5. Algebraic Properties of Products

5.1 Splitting Products

i=mnf(i)=i=mkf(i)i=k+1nf(i)(mk<n)\prod_{i=m}^{n} f(i) = \prod_{i=m}^{k} f(i) \cdot \prod_{i=k+1}^{n} f(i) \quad (m \leq k < n)

5.2 Product of a Constant

i=1nc=cn\prod_{i=1}^{n} c = c^n

5.3 Interchange of Product Order

i=1mj=1nf(i,j)=j=1ni=1mf(i,j)\prod_{i=1}^{m}\prod_{j=1}^{n} f(i,j) = \prod_{j=1}^{n}\prod_{i=1}^{m} f(i,j)

5.4 Distributing Product over Multiplication

i=1n(f(i)g(i))=(i=1nf(i))(i=1ng(i))\prod_{i=1}^{n} \bigl(f(i) \cdot g(i)\bigr) = \left(\prod_{i=1}^{n} f(i)\right) \cdot \left(\prod_{i=1}^{n} g(i)\right)

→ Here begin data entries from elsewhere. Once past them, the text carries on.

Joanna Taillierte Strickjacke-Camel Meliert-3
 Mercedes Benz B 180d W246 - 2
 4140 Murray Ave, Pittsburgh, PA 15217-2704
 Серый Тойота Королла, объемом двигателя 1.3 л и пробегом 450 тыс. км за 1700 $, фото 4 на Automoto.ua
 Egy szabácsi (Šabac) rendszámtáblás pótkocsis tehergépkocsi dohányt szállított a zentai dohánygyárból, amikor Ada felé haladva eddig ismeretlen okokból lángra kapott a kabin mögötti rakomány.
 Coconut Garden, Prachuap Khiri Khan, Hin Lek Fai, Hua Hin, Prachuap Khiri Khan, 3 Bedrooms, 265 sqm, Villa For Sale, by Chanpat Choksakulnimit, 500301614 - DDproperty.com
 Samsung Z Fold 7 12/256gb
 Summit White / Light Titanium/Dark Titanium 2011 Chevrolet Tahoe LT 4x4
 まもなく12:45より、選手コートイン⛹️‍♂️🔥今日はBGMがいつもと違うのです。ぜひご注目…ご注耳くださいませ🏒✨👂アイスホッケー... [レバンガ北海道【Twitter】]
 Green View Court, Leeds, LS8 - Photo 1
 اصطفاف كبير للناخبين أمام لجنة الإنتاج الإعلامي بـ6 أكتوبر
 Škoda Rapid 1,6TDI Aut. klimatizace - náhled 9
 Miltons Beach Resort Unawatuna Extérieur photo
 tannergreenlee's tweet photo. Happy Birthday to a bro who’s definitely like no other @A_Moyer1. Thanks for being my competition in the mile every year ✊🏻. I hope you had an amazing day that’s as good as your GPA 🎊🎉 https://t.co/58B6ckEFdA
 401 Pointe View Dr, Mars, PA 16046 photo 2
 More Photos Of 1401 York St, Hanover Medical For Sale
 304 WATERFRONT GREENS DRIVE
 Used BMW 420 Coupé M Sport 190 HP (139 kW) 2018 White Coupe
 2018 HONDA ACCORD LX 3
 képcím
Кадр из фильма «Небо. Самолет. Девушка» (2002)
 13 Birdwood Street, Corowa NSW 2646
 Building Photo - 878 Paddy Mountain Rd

Does NOT distribute over addition: i(f(i)+g(i))if(i)+ig(i)\prod_i (f(i) + g(i)) \neq \prod_i f(i) + \prod_i g(i)

5.5 Logarithm Converts Product to Sum — The Key Identity

logi=1nf(i)=i=1nlogf(i)andi=1nf(i)=exp ⁣(i=1nlogf(i))\log \prod_{i=1}^{n} f(i) = \sum_{i=1}^{n} \log f(i) \qquad \text{and} \qquad \prod_{i=1}^{n} f(i) = \exp\!\left(\sum_{i=1}^{n} \log f(i)\right)

This is why every ML system works in log-space:

  • Cross-entropy: ilogP=logiP=logi(1/P)-\sum_i \log P = -\log \prod_i P = \log \prod_i (1/P)
  • Perplexity: PPL=exp(1NilogP)=(i1P)1/N\text{PPL} = \exp(-\frac{1}{N}\sum_i \log P) = (\prod_i \frac{1}{P})^{1/N}

Code cell 14

# ══════════════════════════════════════════════════════════════════
# 5.1–5.4  PRODUCT ALGEBRAIC PROPERTIES
# ══════════════════════════════════════════════════════════════════

print("=" * 65)
print("ALGEBRAIC PROPERTIES OF PRODUCTS")
print("=" * 65)

# 5.1 Splitting: Πᵢ₌₁¹⁰ i = (Πᵢ₌₁⁵ i) · (Πᵢ₌₆¹⁰ i)
full = pi_product(lambda i: i, 1, 10)
p1   = pi_product(lambda i: i, 1, 5)
p2   = pi_product(lambda i: i, 6, 10)
print(f"\n  Splitting: Πᵢ₌₁¹⁰ i = {full}")
print(f"            (Πᵢ₌₁⁵ i)(Πᵢ₌₆¹⁰ i) = {p1} × {p2} = {p1 * p2}  ✓")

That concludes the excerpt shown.